When it was time to address the crowd, a good chunk of his 19-minute speech was dedicated to vilifying drug traffickers.

k shanmugam speech

“When activists campaign for a trafficker, who calculated and brought drugs into Singapore in order to make money, does your sympathy go towards him? Or does it go towards that little girl that you saw (in the video)?”

He later added, “We want these victims to be remembered, rather than just arguing on behalf of drug traffickers, who are the cause of the problems, who are out to make money from these killings and deaths.”

You can’t exactly have a victim without a perpetrator. And Mr Shanmugam’s speech certainly made those roles clear. 

He also took the opportunity to defend the death penalty as a drug trafficking deterrent, saying, ”In Singapore, traffickers are careful. They know that we have the capital punishment, serious punishments, so either they don’t traffic, or if they do traffic, they keep the amounts small.”

Generally, most Singaporeans strongly support the death penalty. In a Ministry of Home Affairs survey conducted in 2023, roughly 69 percent of respondents said that the mandatory death penalty was an appropriate punishment for trafficking a significant amount of drugs. 

drug victims exhibition

Tough drug policies do indeed curb drug use and trafficking here. If we didn’t have them, we might very well have more drug abuse victims. But beyond praising the hardline policies that are already in place, we should be examining the other ways we can help them. 

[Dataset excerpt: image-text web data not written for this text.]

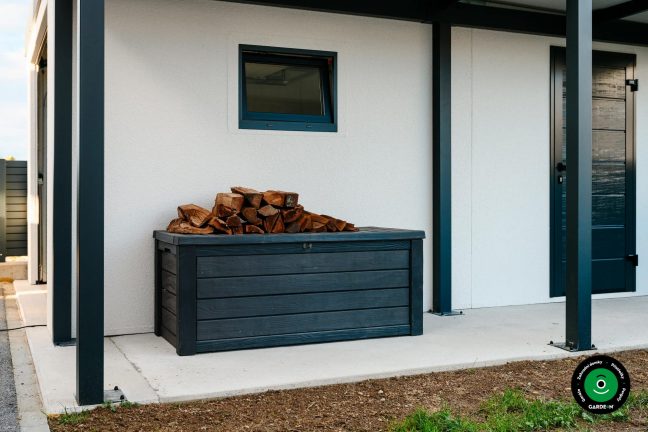 Dřevěný box s uloženým dřevem pod přístřeškem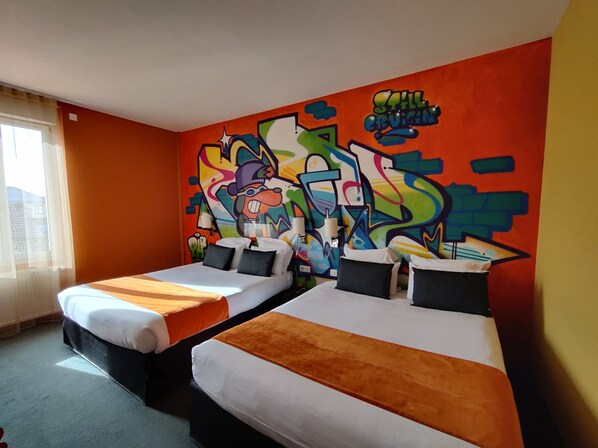 Une chambre d’hôtel avec deux lits, un mur décoré de graffitis colorés et une fenêtre avec des rideaux.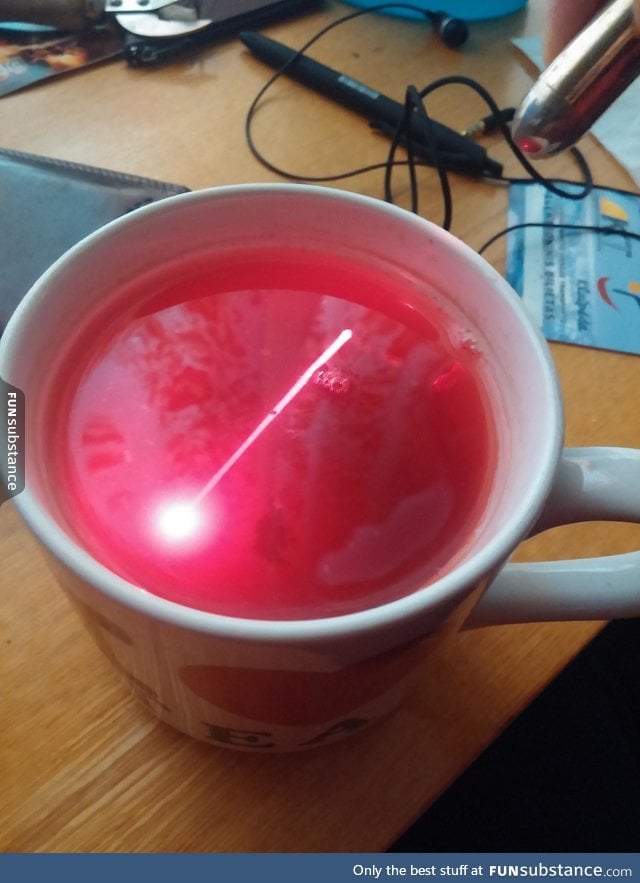 Shining a laser through tea makes the beam visible in it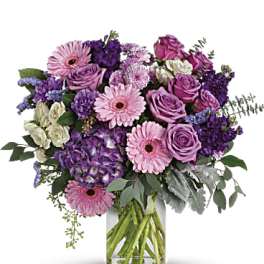 Pink and purple mixed bouquet in a clear glass vase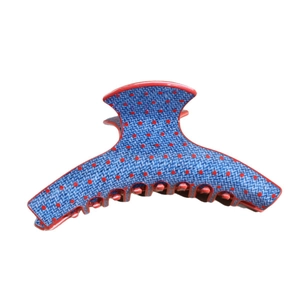 Blue denim texture hair claw clip with red polka dots and curved shark clip design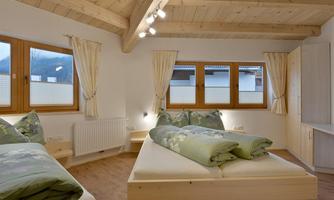 A cozy bedroom with wooden ceilings and large windows. The beds are freshly made with green covers and there is a warm, inviting feel.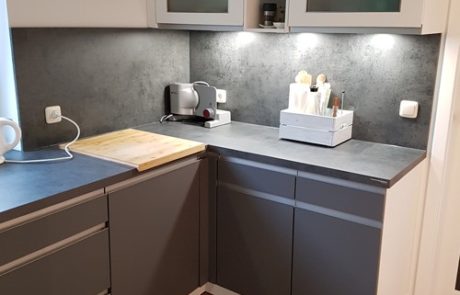 Küchenstudio Eine kleine Küche mit grauen Schränken und einer Spüle, entworfen unter Berücksichtigung von Referenzen.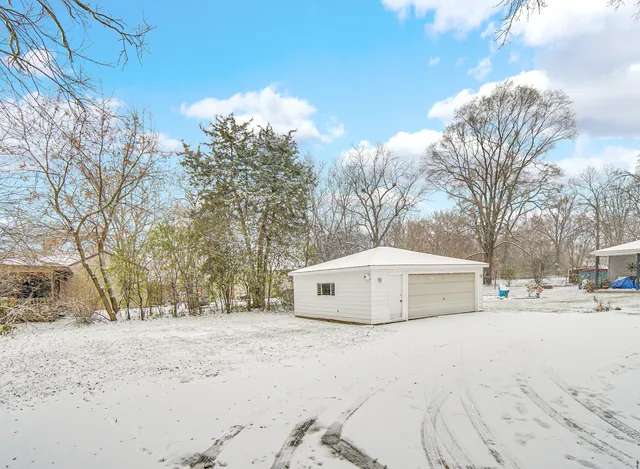 a view of house with a snow in the background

Maybe it’s educating people on how to talk to someone who might be suffering from addiction. Maybe it’s discussing how employers can support their employees who are dealing with these issues in their families. Or perhaps we can look into reducing the stigma against drug offenders. 

And if drug trafficking is so bad, should we be doing more as a society to prevent people from falling into the trade? Socio-cultural factors come into play as well, especially when marginalisation, lack of education, and economic inequality push Singaporeans to the point of desperation. 

The Inaugural Drug Victims Remembrance Day is a good effort, but it’s only the starting point. The reality is that there are many overlooked victims out there. Instead of making it about vilifying traffickers—who may also be victims of addiction—let’s have more constructive conversations on what we can do for drug victims.